Realmente… I
can´t tell you when it all started…. Because as long as I can remember, it has
always been…. Cuando fuimos al Huila for the second time, Jessica was already
born and I made a zoo with rocks and remembering each rock was an animal… or en
el kinder, at Holding Hands, when Danny Hertzburg grabbed a zebra wing
butterfly that had gotten trapped in Mrs. Roberta´s classroom and hastily
captured it to put it in the aquarium of a Horned Toad to eat. I went crazy,
berserk trying to set that butterfly free, mi madre was called and I was sent
home from school.
I remember
when I used to say that when I died I wanted my body to be fed to carnivorous
animals at the zoo that would have a use for my body. I can´t remember if this
was before or after I started to get sent to see Mr. Baumb, the counselor at
Miami Shores Elementary when I was in Mrs. Benke´s third grade class, but at
some point Nirza´s then partner, David, told me I could not tell people those
things because it was not right. When I told my mom she told Nirza to not let
David say those things to me and later Nirza scolded me for being a sapo, a snitch.
In Mrs.

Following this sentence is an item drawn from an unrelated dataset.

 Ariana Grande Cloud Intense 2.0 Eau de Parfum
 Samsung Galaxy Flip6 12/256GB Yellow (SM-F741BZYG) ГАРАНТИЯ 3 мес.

Benke´s
third grade class the bullies I feared to most were Alexis Latimer, Nathan
Haughn, and Joseph Dumbrowsky, Joseph used to be my friend but at some point
decided not to. In third or fourth grade his mother was a doctor who burned
some warts off of my knees because during elementary school there was a time
that I had over 15 warts all over my legs.
I remember
in Mrs. Sloanin´s first grade class when I always wanted to be on the girl´s
team when we played girl´s against boys and when in Mrs. Ellis´s fourth grade
glass Mills Hunter Howell called me a “Gaylord” when I tried to reach my arm
into his baggy shirt without touching him so he would not notice and I was not
successful.
I remember
at some point during all of this, I started to get in trouble cause I would
openly say that “I wanted to die” and managed to cut myself a few times.
I remember
in 5th grade the Clinton v. Bush elections where Clinton won, I
remember the group of smart, rich girls with good grades, all white except one
from India, Anjali Shaker, were all Republicans. My parent´s to this day as
citizens barely grasp politics and had no affiliation, with no set line at my
house… I remember being torn that all from friends liked Democrats but I liked
elephants more than donkeys because they were wild animals and not domesticated
ones.
My mom
would buy me speedo type swim wear which I hated cause I was teased and others
would call me fag. Opps!
The year I
was in fifth grade, was the year after the summer of Hurricane Andrew, my mom,
sisters and I were in Colombia but my dad was at the house in Miami Shores when
Andrew hit and we would find out later our German Shepard Timmy ran away from
the noise made by the electrical generator in the aftermath. At least this is
the story we were told. . Afterwards
I remember
when in Mrs. Bostick´s sixth grade geography class at Horace Mann Middle School
a girl who was in our class, her father had been in the protests in Miami
against the US backed Coup d’état in Haiti that took Jean Bernard Aristide out.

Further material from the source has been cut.